Thanks for the comments. It looks like Tyvek AtticWrap would be just the thing.

Space is tight and storage is very limited here, so I have put a few things up in that attic already (not much, since it's small, and the access is not good). So, what sort of "special precautions" would need to be taken to use an attic for storage?

As for the wires... I was actually doing some electrical work in there today, and I'll get the wires secured soon.


----------



## Windows on Wash (Aug 30, 2011)

Tom Struble said:


> 1 out of 2 ain't bad:thumbup:


You were 2 for 2.

You can floor out and attic but most folks don't take the time to build up the floor to get proper insulation depth under it.


----------



## HomeSealed (Jan 3, 2008)

I'd take it a couple steps further while you're in there getting dirty. Foam up all of the penetrations to air seal, and then put up an additional layer of fiberglass running horizontally across that kneewall (vertical area). Then put on your tyvek wrap.
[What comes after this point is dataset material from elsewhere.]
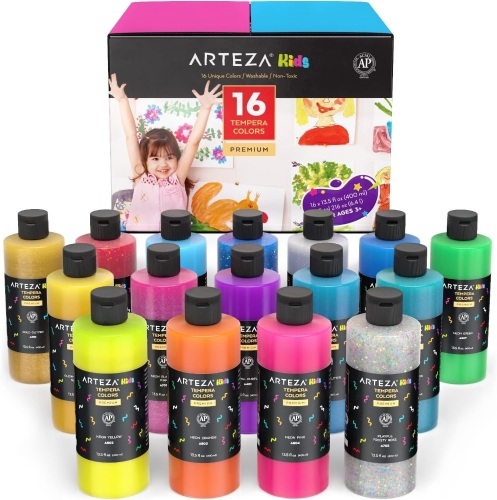 Arteza Kids Tempera Paint, Set of 16 Colors, 13.5 fl oz, Nontoxic Poster Paint, Art Supplies for Finger Painting, School Projects, and Crafting - Lot 247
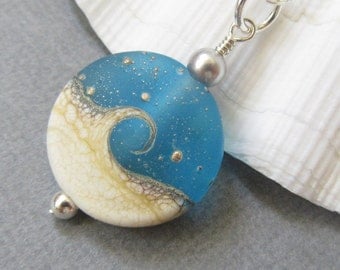 Ocean necklace, Summer outdoors, Blue wave necklace, Beach wedding jewelry, Retirement gift, Sea glass pendant, Lampwork necklace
The attic floor could likely use additional insulation (and air-sealing) as well.... If you're gonna do it, you may as well do it right.


----------



## Ravenworks (Oct 31, 2010)

When I did my knee walls I framed them with 6x's then added fibreglass with 4 inch of form and enclosed all with fire board.
It sure helped with the overall comfort of the upstairs.


----------



## Gary in WA (Mar 11, 2009)

JHB, Building Science recommends housewrap on the knee wall, fig. 4: http://www.buildingscience.com/documents/information-sheets/installation-of-cavity-insulation/ I would also air seal the space under the knee wall to stop attic air from reaching uninsulated floor cavities inbound. The diagram shows solid wood blocking with a sealant bead, though rigid foam board is easier to fine tune while placing it and canned foam around it. 

If that is a bath fan housing in your picture, air seal and insulate it to stop it from acting as a heat sink, not much R-value in thin metal. Is that mold on the gable-end rafter or just discoloration?
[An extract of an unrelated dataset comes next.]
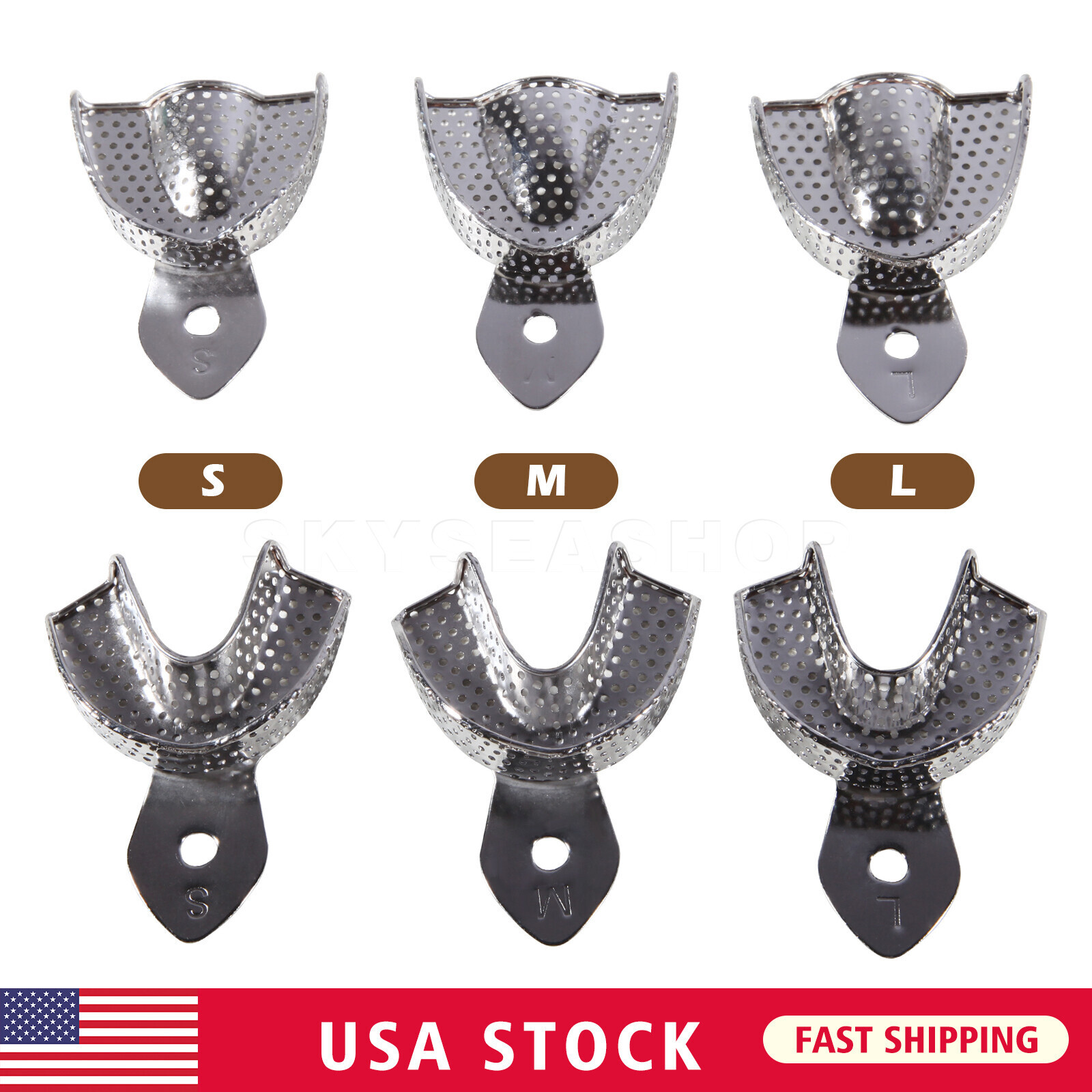 Autoclave Perforated Dental Impression Trays Upper + Lower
Few other pointers, may not be needed; After you air seal the attic (good indicators with f.g.: http://www.finehomebuilding.com/PDF/Free/021105092.pdf), air seal the basement/crawl space floor to help stop the "stack effect"; http://www.wag-aic.org/1999/WAG_99_baker.pdf, then seal the rim joists if accessible; http://www.buildingscience.com/docu...joist/files/bscinfo_408_critical_seal_rev.pdf

Did you add a sill sealer under the knee wall bottom plate, a possible leakage area? Depends on how far you want to carry this- remove baseboard (if easy) and caulk the drywall to subfloor. OR tape the H.W. for the air/thermal boundary. May sound a little over-board, yet it is required in the IRC:http://publicecodes.citation.com/icod/irc/2009/icod_irc_2009_11_sec002_par021.htm

Reasoning is having that barrier uninterrupted- continuous- against the attic air = outside air temperature; http://oikos.com/esb/51/sideattics.html

Gary
P.S. I would not store items in the attic, especially on solid sheathing material.


----------



## Jeremy Hillary Boob PhD (Nov 11, 2008)
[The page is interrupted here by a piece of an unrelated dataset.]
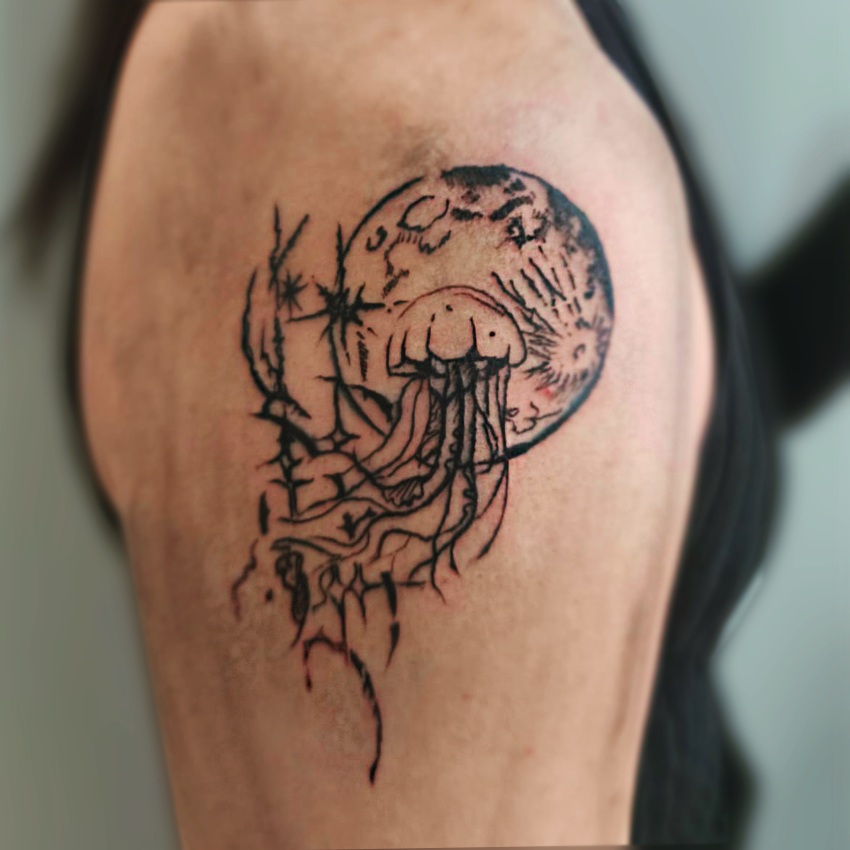Tattoo by @inkzilla_tattoos — black_and_grey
Thanks everybody for all of the detailed info. But, I probably should have provided a little more info. Better late than never, so here goes...

You can't tell from the picture, but the rafters that you see are not actually the current roof. That is, another roof was built over the top at some point in time. There are a few big holes in the "visible" roof, and roof vents in the actual roof. So, there is significant air circulation thru this attic space, and I assume that's a good thing. But, there are also some electrical outlets in the knee wall, and that's the reason I'm particularly concerned about air flow around the vertical surface.

The main roof of the house consists of exposed wood/beams with some rigid foam insulation between the exposed wood and roof. The overall R-value of that can't be much above R-13, so it's probably not worth getting too carried away on this attic space. In fact, there was absolutely no insulation in this attic when we moved in 4 years ago (this strange addition to the house must be at least 25 years old). In fact, there was no access to the attic either.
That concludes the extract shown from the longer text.